SORRIDENDO — il Blog di Nicola Belcari

Nicola Belcari

Ex prof. di Lettere e di Storia dell’arte, ex bibliotecario; ex giovane, ex sano come un pesce; dilettante di pittura e composizione artistica, giocatore di dama, con la passione per gli scacchi; amante della parola scritta

Sfortunato al gioco...

di Nicola Belcari - lunedì 26 ottobre 2020 ore 13:30

Tante volte ho sentito dire – sfortunato al gioco, fortunato in amore – e anche (non è esattamente la stessa cosa) – sfortunato in amore, fortunato al gioco o chi ha fortuna in amor non giochi a carte e ancora… è inutile continuare con tutte le varianti.

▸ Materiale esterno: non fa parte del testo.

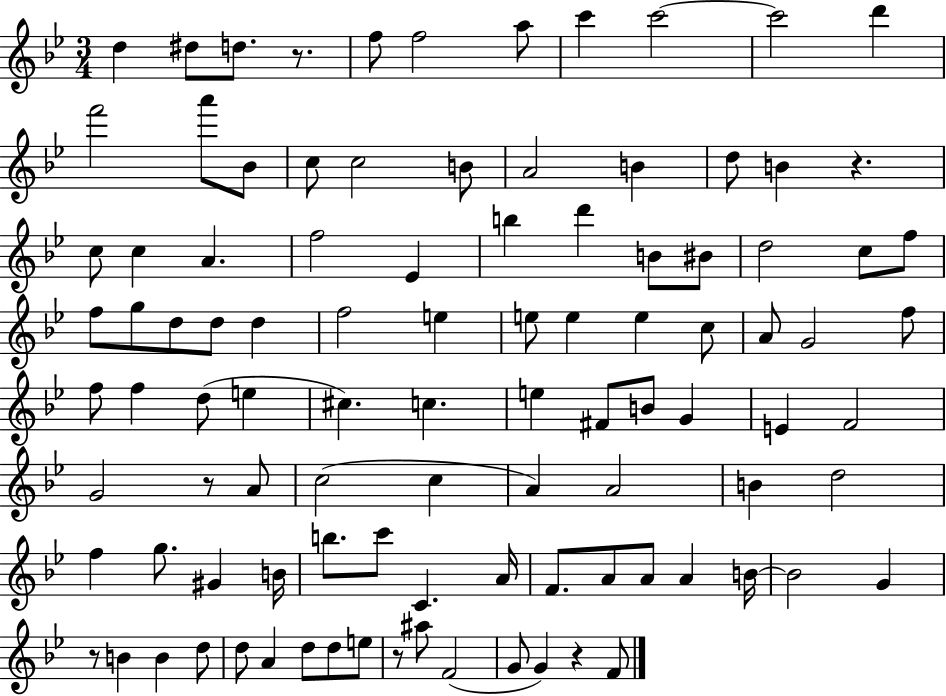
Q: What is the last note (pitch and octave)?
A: F4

Mi sono chiesto da che cosa traesse origine il motto finché non ho conosciuto il "Trentuno" e la storia di un certo Tuccio, abbreviazione e vezzeggiativo di non so quale nome.

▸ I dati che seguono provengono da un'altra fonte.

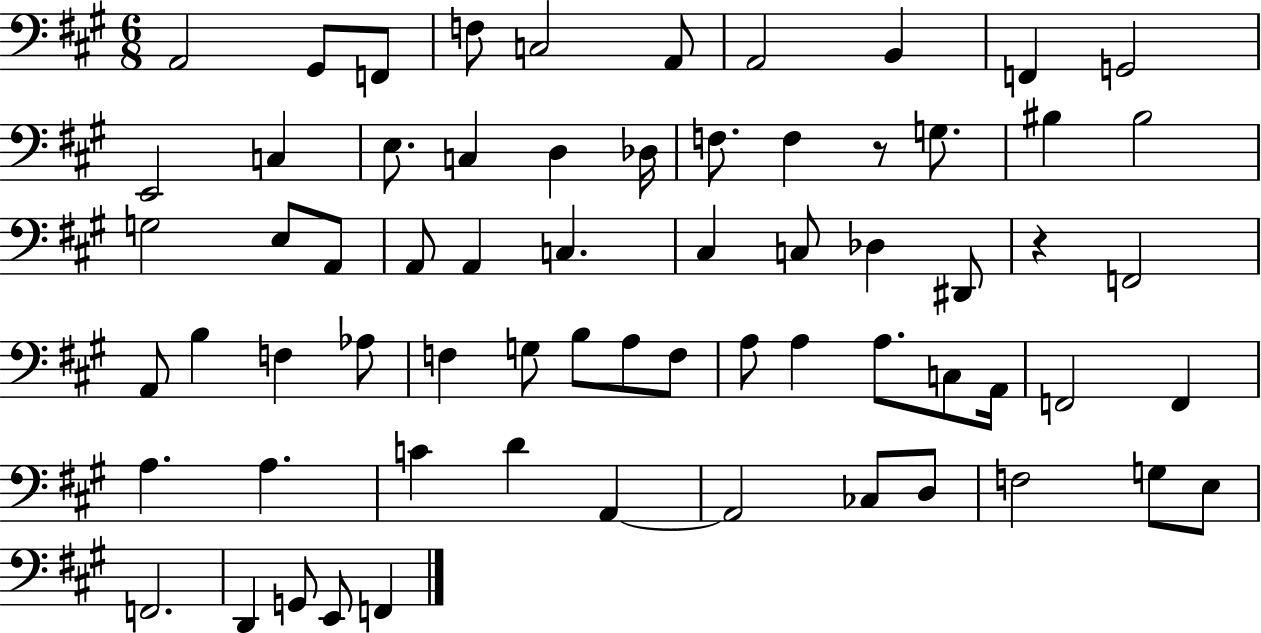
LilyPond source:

{
  \clef bass
  \numericTimeSignature
  \time 6/8
  \key a \major
  a,2 gis,8 f,8 | f8 c2 a,8 | a,2 b,4 | f,4 g,2 | \break e,2 c4 | e8. c4 d4 des16 | f8. f4 r8 g8. | bis4 bis2 | \break g2 e8 a,8 | a,8 a,4 c4. | cis4 c8 des4 dis,8 | r4 f,2 | \break a,8 b4 f4 aes8 | f4 g8 b8 a8 f8 | a8 a4 a8. c8 a,16 | f,2 f,4 | \break a4. a4. | c'4 d'4 a,4~~ | a,2 ces8 d8 | f2 g8 e8 | \break f,2. | d,4 g,8 e,8 f,4 | \bar "|."
} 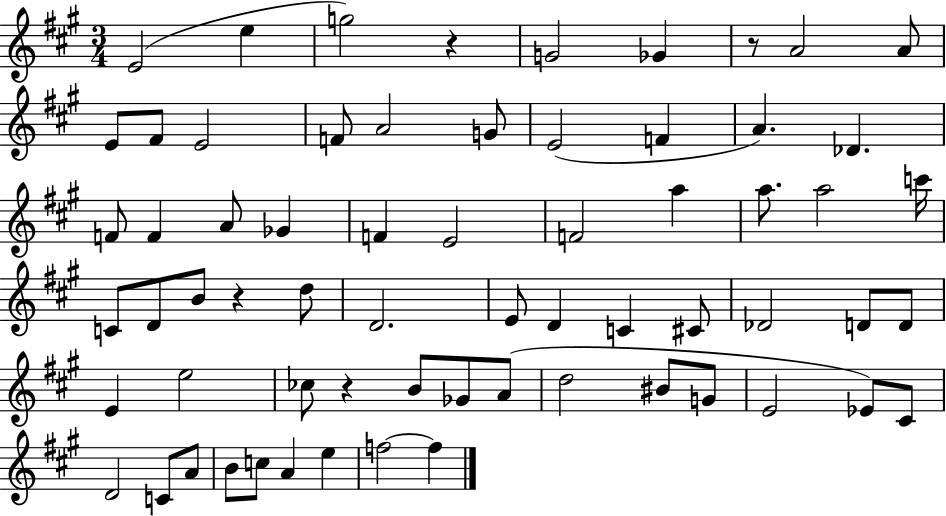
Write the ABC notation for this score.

X:1
T:Untitled
M:3/4
L:1/4
K:A
E2 e g2 z G2 _G z/2 A2 A/2 E/2 ^F/2 E2 F/2 A2 G/2 E2 F A _D F/2 F A/2 _G F E2 F2 a a/2 a2 c'/4 C/2 D/2 B/2 z d/2 D2 E/2 D C ^C/2 _D2 D/2 D/2 E e2 _c/2 z B/2 _G/2 A/2 d2 ^B/2 G/2 E2 _E/2 ^C/2 D2 C/2 A/2 B/2 c/2 A e f2 f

Tuccio era appassionato di un gioco di carte chiamato Trentuno che prevedeva, per come le regole erano stabilite, l’eliminazione graduale di tutti i giocatori tranne uno. Egli trovava piacere nell’invitare gli amici a casa, ai quali poteva dimostrare la propria abilità, e nel vincere piccole cifre, un segno del riconoscimento d’una superiorità piuttosto che un sostanziale guadagno. Vinceva spesso infatti e gli esclusi anzitempo gironzolavano intorno guardando gli altri giocare o tenevano conversazione con la moglie che cuciva in una stanza accanto.

Col tempo alcuni non s’impegnavano più come avrebbero dovuto e ritenevano più educato prendersi il disturbo di fare compagnia alla moglie che si annoiava. Costoro addirittura s’ingegnavano di perdere affrettando il corso degli eventi sfavorevoli. Avevano preso confidenza e stretto amicizia con la disponibile padrona di casa che si rivelava sempre più un’ospite squisita.

Così mentre il marito si concentrava nel ricordare le carte passate, manovrava coppe e denari e urlava dalla gioia – Trentuno! – quando realizzava la combinazione vincente, nella stanza accanto, l’urletto del trentuno, sia pure soffocato, esprimeva un valore diverso e sorgeva da tutt’altre motivazioni e in tutt’altre circostanze.

Gli amici si consolavano dicendo – sfortunati al gioco, fortunati in amore – e il marito ridacchiava sotto-sotto e qualche volta insinuava che non poteva essere solo fortuna se vinceva sempre, lasciando intendere che si considerava un maestro in quel gioco che sarebbe stato più giusto chiamare “del cornuto” più che Trentuno.

I perdenti giustificavano le loro pratiche considerandole penitenze e se le sobbarcavano delle più varie, oltre quelle tradizionali, come “il viaggio a Citera”, “il bacio della lepre”, ecc., mentre al marito, senza saperlo, toccava fare “il cavallo di Aristotele”, “il viaggio a Corinto” e così via.

Penitenze degne di questo gioco, crudele nei suoi meccanismi, che prevede un premio in denaro, l’eliminazione del più debole, l’esclusione degli altri, la solitudine del vincitore dopo i simbolici omicidi rituali.